What you will do –
Straight copy, no pictures: transcribe each entry as it stands.

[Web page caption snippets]
+ + + + + + +

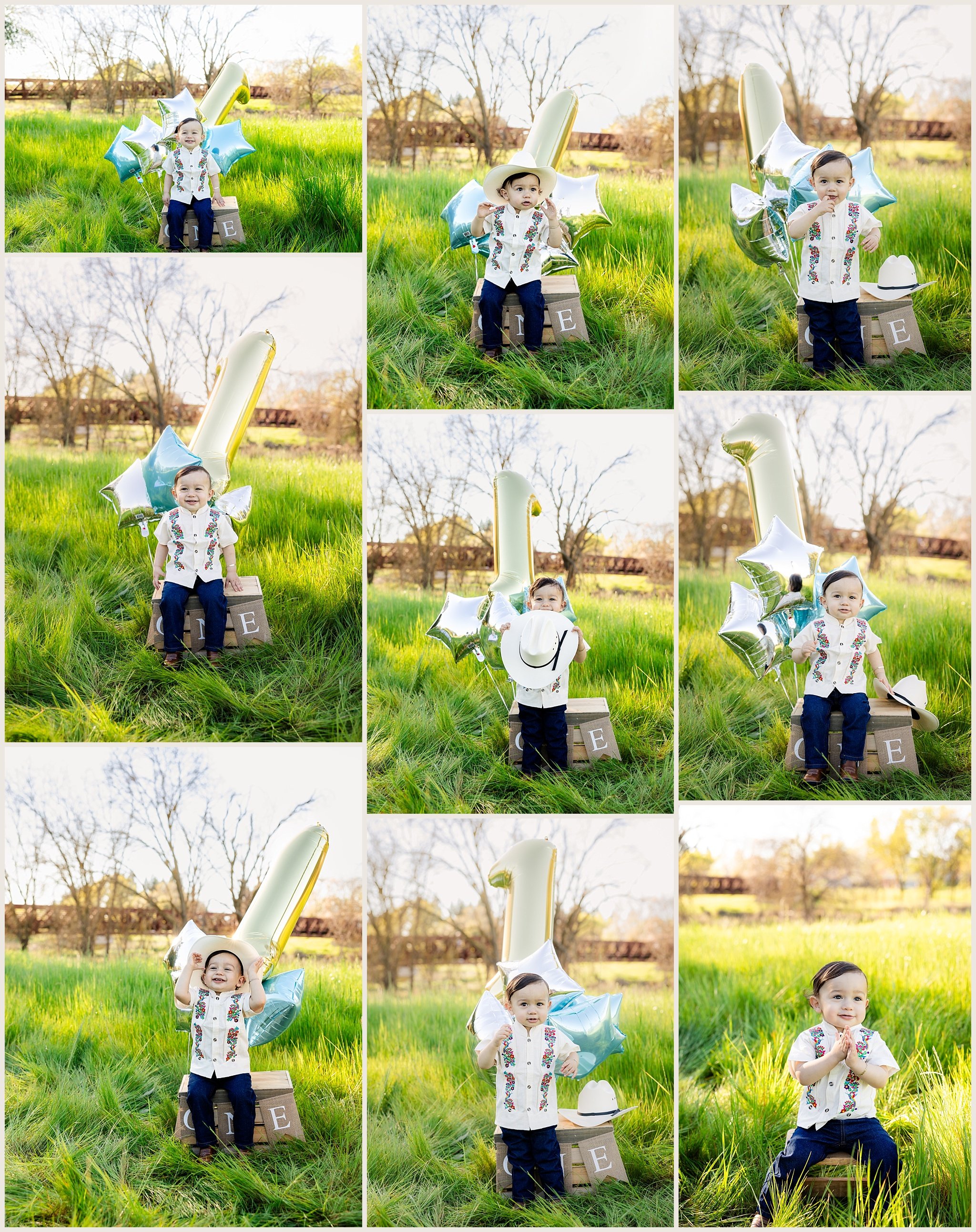 One year old boy sitting on wooden crate with balloons and gold number one balloon during rustic outdoor milestone session in Elk Grove.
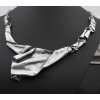 Statement-Halskette Silberfarben, Skulpturaler Collier, Einzigartiger Halsschmuck, Modernes Kunst-Design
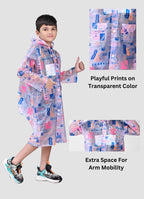 Mars Infiniti Self Design Boys and Girls Raincoat, blue pink, All Over Print, PVC Plastic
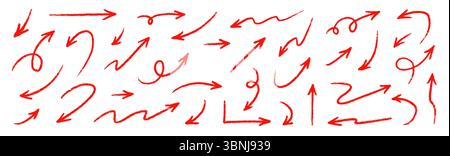 Pfeil rot handgeschriebener Skizzenvektor. Handgezeichneter Bleistiftmarker Kritzelpfeil Set Pinsellinie, Curved Direction Pen Style. Großer dicker, rauer künstlerischer Strich für rote Clipart. Vektorabbildung Stock Vektor
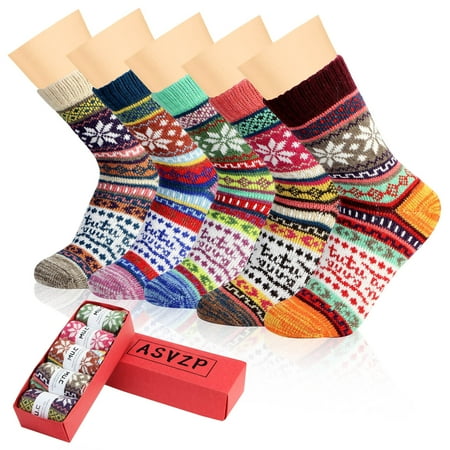 ASVZP 5 Pairs Womens Wool Socks Vintage Thick Knit Winter Warm Socks for Women Gifts
ASVZP 5 Pairs Womens Wool Socks Vintage Thick Knit Winter Warm Socks for Women Gifts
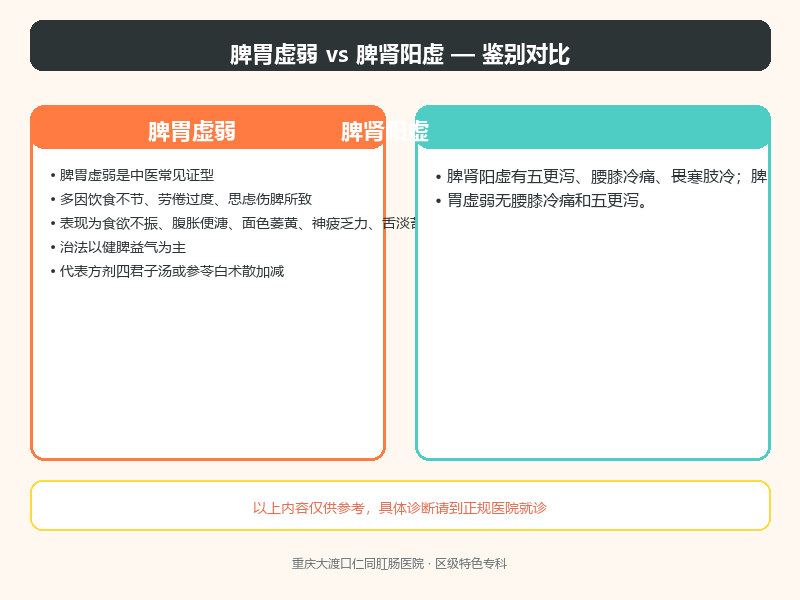 脾胃虚弱与脾肾阳虚的鉴别要点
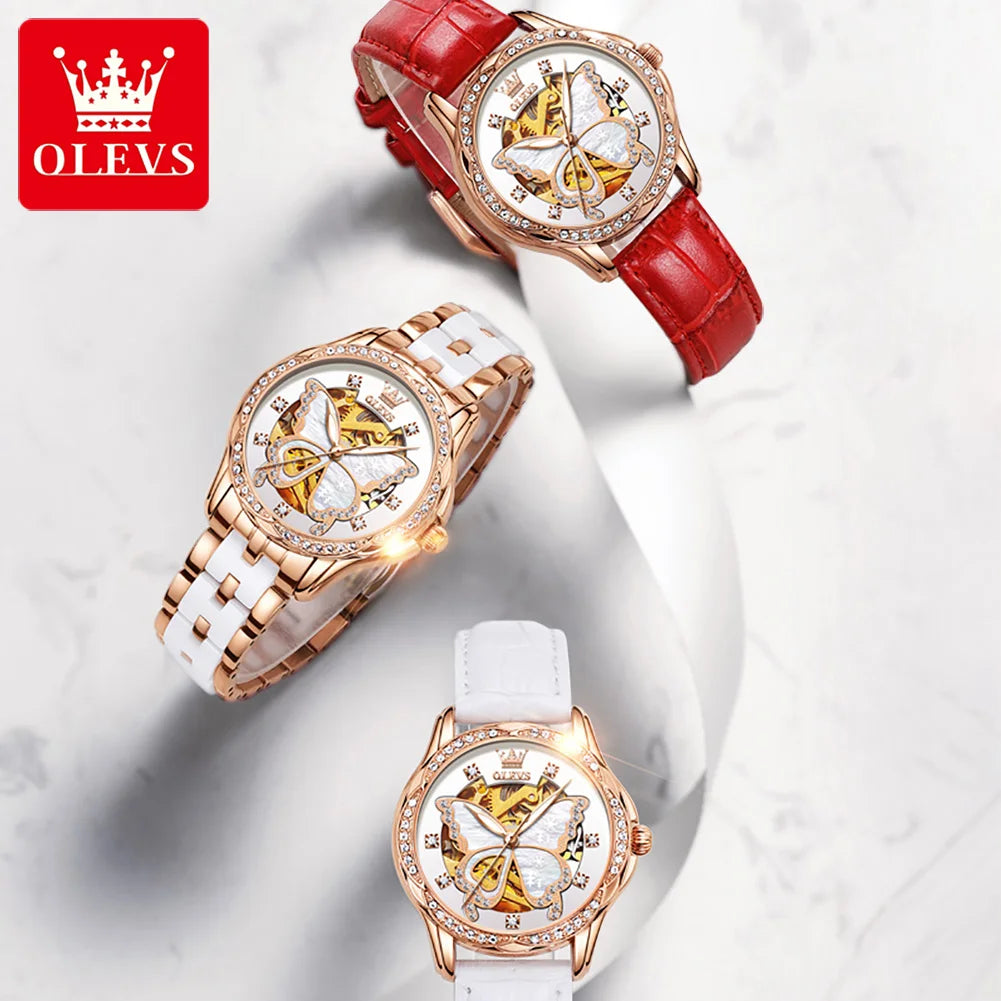 OLEVS 6622 Diamond Luxury Woman Automatic Watch Butterfly Original Mechanical Watch For Women Waterproof Luminous Hand Clock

+ + + + + + +

Solution for this task –
 One year old boy sitting on wooden crate with balloons and gold number one balloon during rustic outdoor milestone session in Elk Grove.
 Statement-Halskette Silberfarben, Skulpturaler Collier, Einzigartiger Halsschmuck, Modernes Kunst-Design
 Mars Infiniti Self Design Boys and Girls Raincoat, blue pink, All Over Print, PVC Plastic
 Pfeil rot handgeschriebener Skizzenvektor. Handgezeichneter Bleistiftmarker Kritzelpfeil Set Pinsellinie, Curved Direction Pen Style. Großer dicker, rauer künstlerischer Strich für rote Clipart. Vektorabbildung Stock Vektor
 ASVZP 5 Pairs Womens Wool Socks Vintage Thick Knit Winter Warm Socks for Women Gifts
ASVZP 5 Pairs Womens Wool Socks Vintage Thick Knit Winter Warm Socks for Women Gifts
 脾胃虚弱与脾肾阳虚的鉴别要点
 OLEVS 6622 Diamond Luxury Woman Automatic Watch Butterfly Original Mechanical Watch For Women Waterproof Luminous Hand Clock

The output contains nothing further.